Ziyafetlerin olmazsa olmazı tabii ki eğlenceydi! Yemek yerken hokkabazlar, soytarılar ve müzisyenler misafirleri eğlendirirdi. Yani günümüzün lüks restoranlarındaki canlı müzik performanslarının atası da bu dönemde atılmış diyebiliriz!
Bu arada, günümüzün üç aşamalı yemek servisi, Rusya’dan çıkmıştır ve “service à la russe” olarak bilinir. Orta Çağ’da ise Ziryab adında bir Persli adam, İspanya’da yemekleri aşamalı servis etme fikrini ortaya atarak mutfak dünyasında devrim yaratmıştı. Ama o dönemde bu yöntem pek yaygın değildi.
3. Av partileri
Avcılık, Orta Çağ’ın en büyük tutkularından biriydi. Ama herkes avlanamazdı! Eğer bir köylüyseniz, avlanmak sadece karnınızı doyurmak içindi. Ancak soylular için bu, bir nevi statü göstergesiydi.
Orta Çağ’da av partileri oldukça gösterişli olurdu. Av için özel yetiştirilmiş tazılar, atlar, hatta bazen şahinler kullanılırdı. Evet, yanlış duymadınız! O dönemde şahincilik (şahinlerle avlanma), asilzadeler arasında inanılmaz popülerdi.

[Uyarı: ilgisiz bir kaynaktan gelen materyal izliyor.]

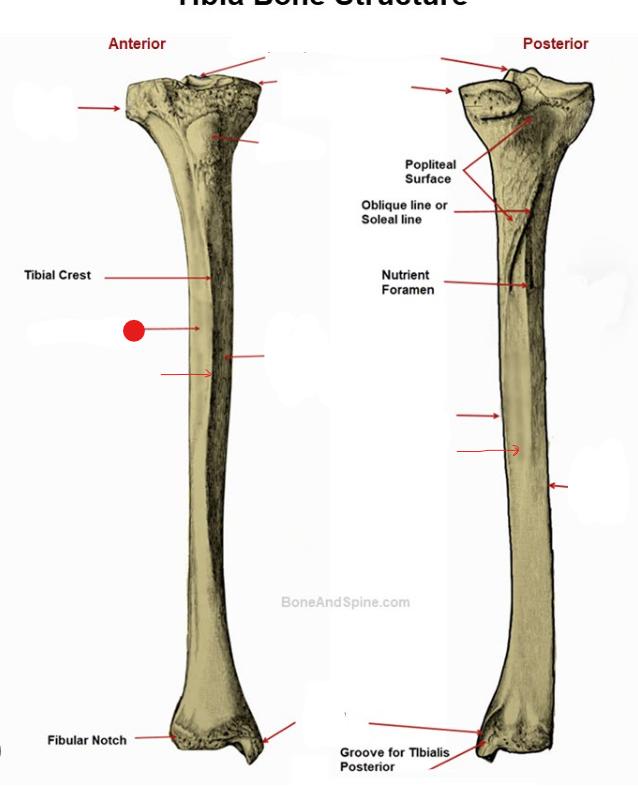 <p>Identify the structure pinned</p>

Ama işin ilginç yanı, herkesin aynı tür avları kullanamamasıydı! Avlanma kuralları oldukça katıydı. Örneğin:
Kral ve kraliçeler, altın kartallar ve büyük yırtıcı kuşlar besleyebilirdi.
Düşesler ve dükler, şahin kullanabilirdi.
Sıradan soylular, yalnızca daha küçük kuşlarla yetinmek zorundaydı. Yani, kuşun büyüklüğü bile sizin statünüzü belirliyordu!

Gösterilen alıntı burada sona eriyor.